One of the most recognized approaches to ERM is Plan, Implement, Measure, Learn (PIML). This approach is recommended because it promotes a holistic, continuous improvement cycle mentality. Reviewing risk is not a start-stop process; it must be integrated into both, the strategy and operations of the organization.
Plan
Risk management begins at the board or senior management level, where it aligns with the organization’s objectives and core values. This phase involves identifying the total risk exposure across the organization and highlighting the interconnected nature of risks within different business areas and functions. It is also the stage where the organization’s risk appetite—the willingness to undertake risk activities over the short and long term—is set.
Suggested Activities:
Align RM with organisations objectives – Ensure that risk management strategies support the organization’s goals and values.

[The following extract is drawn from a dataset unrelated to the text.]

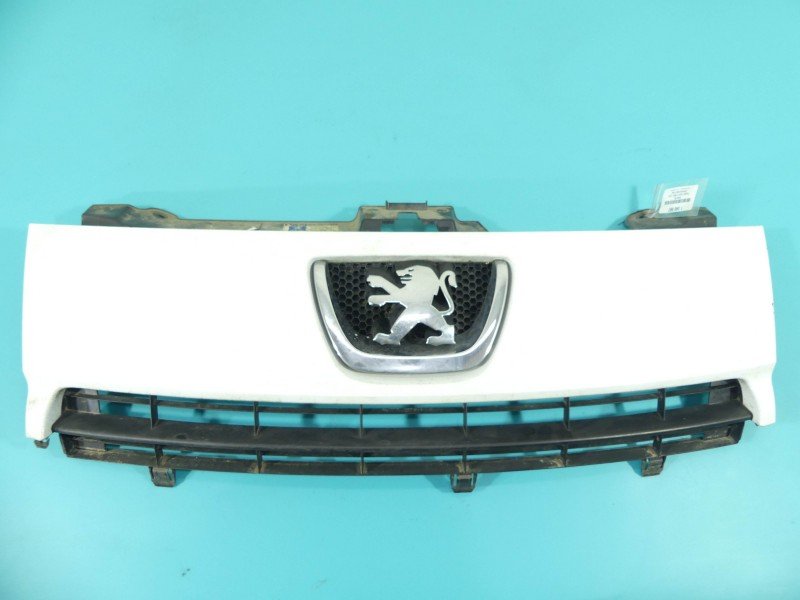 Atrapa grill Peugeot Expert II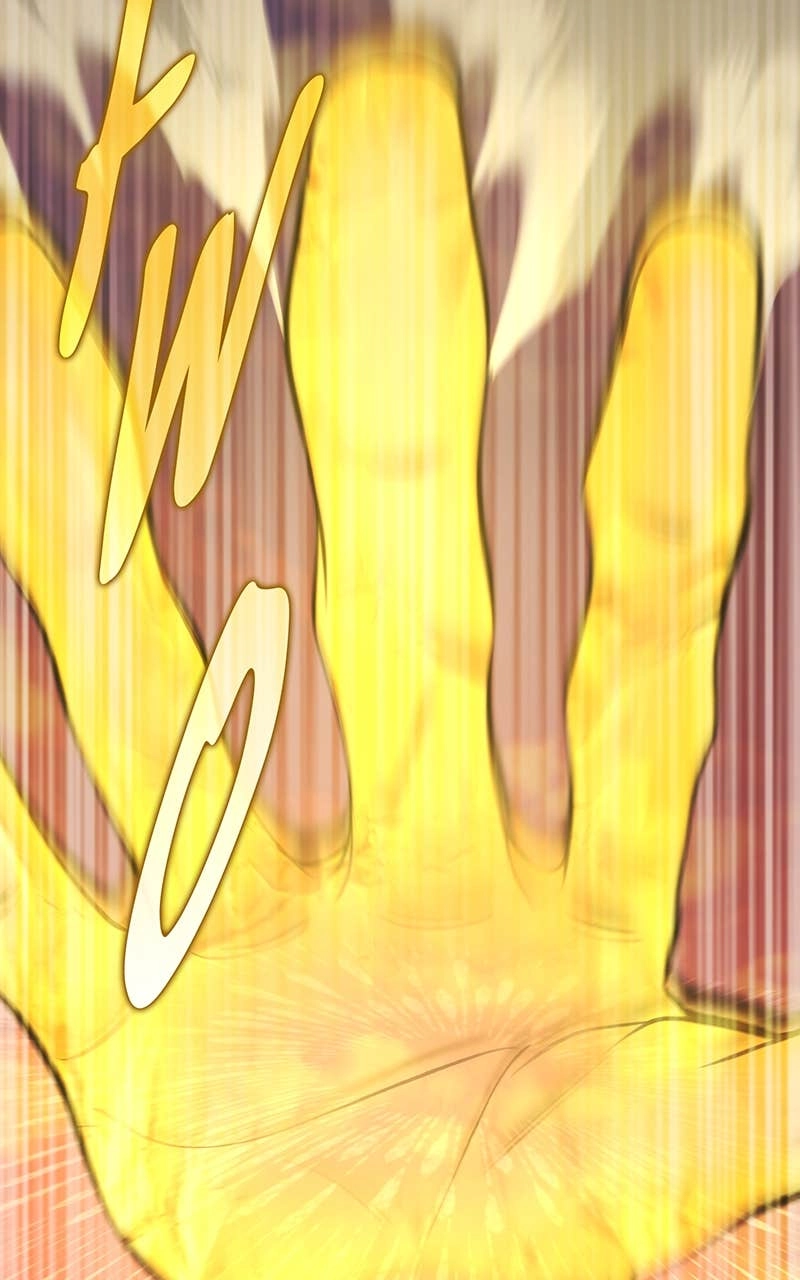 Return of the Runebound Professor Chapter 66 Page 84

Identify total risk exposure – Evaluate risks across all areas of the business to understand their interdependencies.
Set risk appetite – Define the level of risk the organization is willing to accept in pursuit of its objectives.
Implement
During the implementation phase, the focus is on establishing a risk register and categorising risks in a way that aligns not only with the organisation’s objectives but its internal reporting structures. This involves assessing what is at stake and the potential consequences and likelihood of risks materializing.
Suggested Activities:
Create/Update the Risk Register – Document all identified risks, including their potential impacts and the measures in place to mitigate them.

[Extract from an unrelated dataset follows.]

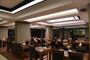 Elite Hotel Dragos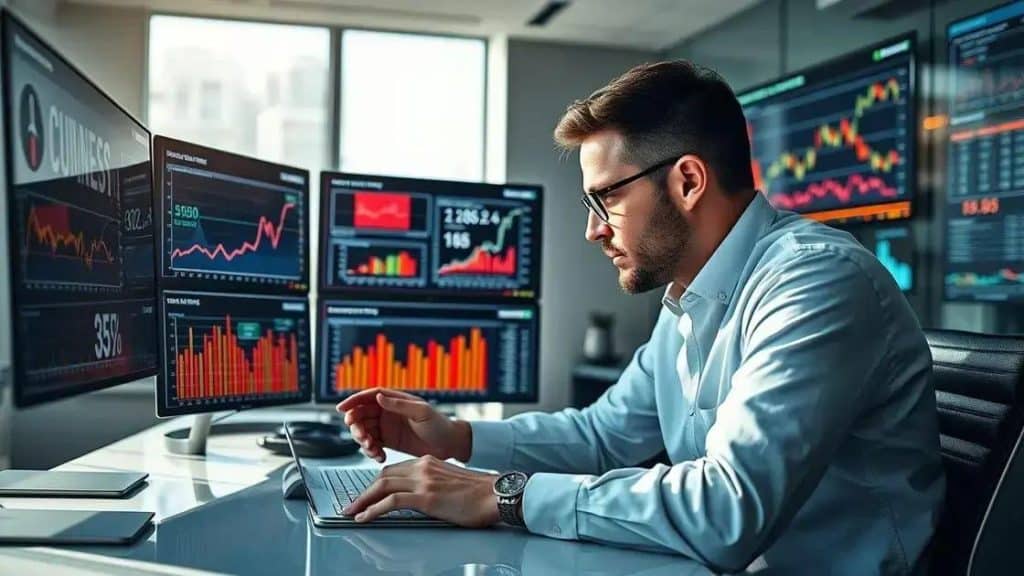 Insights on fixed-income investment trends you can’t ignore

Risk Categorization -Ensure that risk categories are meaningful and aligned with the organization’s functions and objectives. Clearly outline what is at stake, the extent of potential consequences, and the likelihood of risks occurring.
Communication- Ensure that risk management practices are not only communicated effectively across all levels of the organization, from top management to operational staff but also understood. By understanding what part of risk management each person is involved with in their own role, it is better appreciated and applied day to day.
Measure
Effective risk management requires continuous monitoring and testing of controls. This ensures that the controls in place are functioning as intended and are effective in mitigating risks.
Suggested Activities:
Monitor what matters – Focus monitoring efforts on critical controls and ensure they are operating as documented in the risk register.

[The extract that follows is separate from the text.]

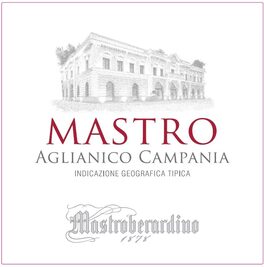 Mastro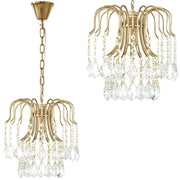 Lampada APP1650-1CP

The ‘All and Always Test’ – Regularly test your controls to ensure they are always effective and consistently applied by everyone. Controls that fail this test need to be re-evaluated and adjusted.
Accurate Reporting- Maintain accurate and timely reporting of risk management activities to ensure transparency and facilitate informed decision-making. Make the reports interesting and interactive, useful and concise to engage your audience. Risk reporting should be accessible for all to enable transparency across the organisation.
Learn
The learning phase involves using insights gained from monitoring and testing to improve the risk management process. This includes planning audits and risk assurance activities to ensure that risk management is not siloed and is considered within the broader context of the organization’s environment. Following on from risk reporting being available to all, these activities should also be clearly communicated and explain why they are important. Clear and consistent communication will enable a ‘no blame culture’ and help with the tacit learning with organisation.
Suggested Activities:
Audit Planning – Develop audit plans to provide risk assurance and ensure that risk management practices are effective and comprehensive. Be mindful of different busy periods within each function and plan around these to acknowledge the importance of the work that function produces.
Continuous Improvement – Use feedback from audits and monitoring to refine risk management strategies and controls. Communicate the lessons learned to all so everyone understands their part in the larger picture.
Holistic Approach – Manage risk appetite in the context of the organization’s operating environment. This means considering risks in relation to compliance, operations, risk aversion, and tactics as part of the decision-making process.
Identify Opportunities – By considering both positive and negative aspects of risk, management can identify new opportunities and address challenges associated with current opportunities.
By integrating these elements into a continuous cycle, organizations can ensure that risk management is a dynamic and integral part of their strategic and operational processes. This approach not only helps mitigate potential risks but also enables organizations to leverage risk management as a tool for identifying opportunities and driving sustainable growth.